Before those building blocks began to emerge, each of the band had gone down creative avenues that felt entirely reflective of the different forces and restless creativity that allowed the Maccabees to become so beloved in the first place. Orlando has moved to Portugal with his young family, made three excellent solo albums and put his illustration degree to use in creating a children’s book called The Gritterman, proving he could well become the next Raymond Briggs if he so desires. 

The Maccabees (Picture: Phil Sharp)

Hugo and Felix have teamed up as one half of the guitar band 86TVs, while the latter’s entry into the world of sports broadcasting — including the hugely popular cricket podcast Tailenders — has been so successful that he’s cultivated a section of fans for whom the band is the second most interesting thing about him. 

And then there’s drummer Sam Doyle and bassist Rupert Jarvis. Sam has gone into filmmaking and scores, while Rupert — as an interview with the band last year noted — has gone into carpentry while occasionally pulling his bass out of retirement to record with the likes of Jamie T.
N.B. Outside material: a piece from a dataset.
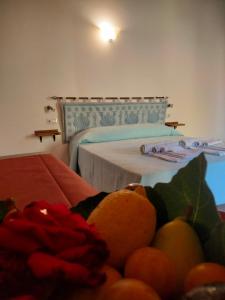 a bedroom with a bed and a bowl of fruit at Agriturismo i doni del mandorlo in Alghero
It was only when they met up for Christmas pints in 2023 that the idea of a Maccabees reunion in some uncertain form began to emerge. Timelines and plans remained vague and uncertain, before an offer from All Points East emerged in late 2024 and suddenly made things a lot more real. It spurred them into action. 

“I mean, it doesn’t come around very often where you’re given the chance to build a festival you want to see and you’re actually allowed to do it,” explains Felix. 

In this instance, it means creating a line-up that any indie-loving millennial such as myself, who saw them play at Vicky Park for the short-lived Underage Festival as a teenager, would go mad for. Scene contemporaries such as The Cribs and Bombay Bicycle Club will be joining them, but so too will indie/alt stars of today, including Irish supernova CMAT, alt-country risers Divorce and Black Country, New Road. 

“It’s like when you were young and used to imagine the idea of winning the lottery, buying a football team and thinking about the players you’d buy,” Felix jokes of the line-up. 

“There is an element of nostalgia and sentiment to it, but it’s nice to have a contextualised version of that with bands who continued on their path and then play with people like CMAT too. She’s since become, like, an international pop star, which is quite cool. She used to come and see us because she was in a Bombay Bicycle Club fan group, and now she’s a massive pop star. That’s mad.”  

For all of Orlando’s fears about being unable to enjoy the shows, the first date back at the Tufnell Park Dome in late June shows he’s got nothing to worry about. It’s one of the hottest days of the year, and the tiny room above a north London boozer is fast reaching the kind of temperatures where the predominant makeup of the room’s air supply is a heady mixture of booze and sweat. But from the moment they open with fan favourite ‘Latchmere’ — perhaps the best song ever written about a municipal leisure centre — they’re given a heroes’ welcome. Moshpits are ripped wide open, crowd-surfing fans are pulled over the barrier and the grins plastered across the band’s faces barely subside for the next 90 minutes. Old roles are assumed too. Orlando, as ever, is quietly understated, while it’s up to Felix to gee up the crowd and thank them for the warm welcome.  

It’s the perfect start to life for Maccabees 2.0 at the beginning of a summer which will no doubt see them receive similar reactions across the land. There’s every chance fans may clamour for the band’s full-time return, but this, they say, will be entirely dependent on the success of their performance at All Points East. Once more: all roads lead to Victoria Park. 

“If you’re honouring an obligation you made as a teenager to be in a band, there’s something really cool about that when you get older,” reckons Felix. “But you have to check you’re not doing it because it’s a habit. You always have to check how things fit you in life and how they serve you — if you’re doing it for an old version of yourself or the person you are now. We’ve got to make that decision once we do All Points East about whether we’re doing it for the people we are now. We’ll make that decision together, but ultimately it can only be answered by that one gig.”